The challenge when adopting UMA is the same. You must be willing; to change the fabric of your business at the very core.
Effectively taking on UMA means addressing changes within each of the following constituencies:
- Internal Investment Staff
- Sales Management & Sales Staff
- Regulators, Internal and External Audit
- Investment Committee, Board and Executive Management
- Operations, Administration and Service Staff
- Marketing Support
The flight attendants, pilots, baggage handlers, gate agents; virtually everyone in the organization has to adopt this new way of doing business, if the model is to succeed.This is much easier said than done, particularly when you consider the challenge of unwinding a legacy business model. With the airlines, the unions often fret upon making innovative changes, even when the very existence of the jobs they support are in danger of extinction. Look no further than the current state of AML, and the umpteen mergers and failures plaguing the industry.
One could argue the banking industry is equally fragile. Yet when faced with reengineering the Trust and brokerage businesses with innovative strategies, such as UMA, the resistance to change is palpable.
The reasons for this are as complex as human nature itself. Beside the impact on human capital, the organization must also consider how this new model affects almost every facet of how they do business including:
- Research
- Due Diligence
- Investment Policy Statement Design
- Allocation Models
- Trading and Execution
- Operations
- Compliance
- Performance Reporting
- Reconciliation
- Custody
- Rebalancing
- Tax Management
- Fees and Pricing
- Systems of Record
- Client Communications
There are critical decisions which must be decisively made and adhered to if the implementation of UMA is to succeed. Will you use open or hybrid architecture? Will you engage a Turnkey Asset Management Provider (TAMP) or build the platform yourself using best in breed “point solutions”? Will you use a models based platform?

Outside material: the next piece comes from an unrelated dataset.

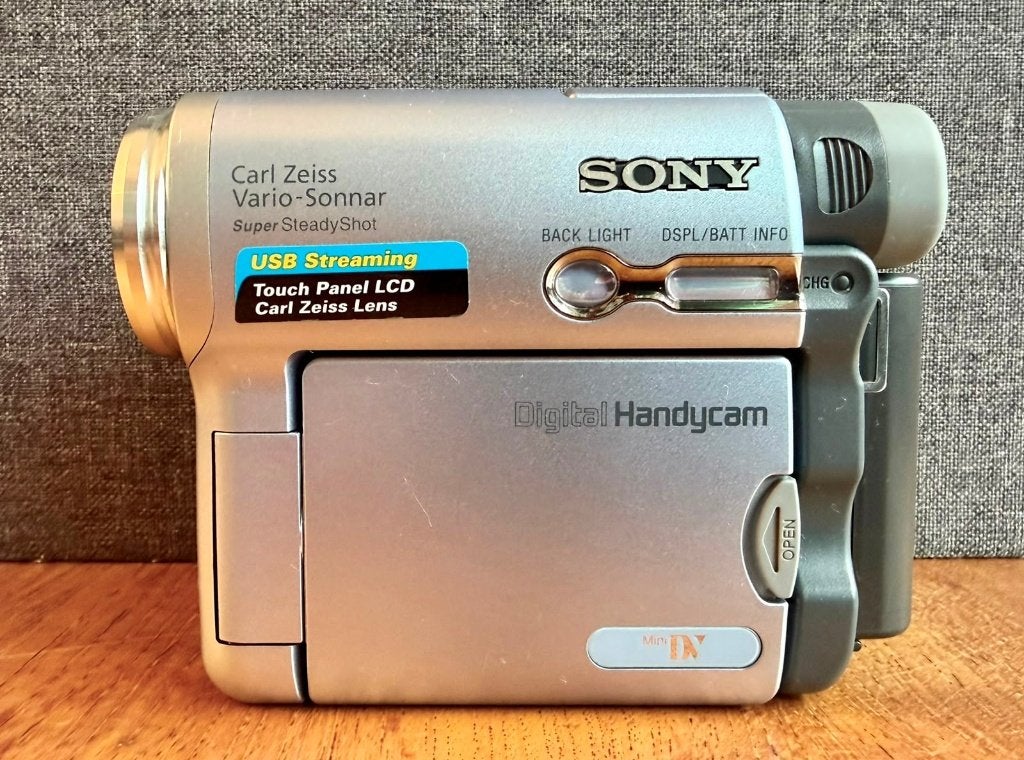 Sony DCR-TRV14E, MiniDV Videocamera, GETEST! Digitaliseer!, Mini dv, 20x of meer, Ophalen of Verzenden, Zo goed als nieuw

How will you adjust your pricing and compensation models? Will you actively tax harvest?
Southwest made these tough decisions, which is one of the reasons their business model is flourishing (“in the kingdom of the blind, the one-eyed man rules”) amid such turmoil in the industry. They choose to fly only one model of jet, the Boeing 737, they don’t advertise on Orbitz or Kayak, they have general admission seating versus assigned seats, no baggage or change fees and the list goes on. 
To be successful with implementing and adopting UMA, banks must be as bold as Southwest when reexamining industry paradigms and shifting client preferences. Viewing UMA as another product on the shelf is akin to adding a new jet or route, it’s not really going to create a competitive distinction unless you change the inner workings of your organization.
The failure to view the move to UMA in the proper context is the largest cause of disappointment among those intrepid executives who have tried to get airborne. This often unfairly cloaks UMA in a false light, blaming the platform versus the implementation.
So, when taxiing down the runway to UMA success, consider whether you are willing to make the hard decisions necessary to give your wealth management program the opportunity to soar above those clinging to an outdated business model.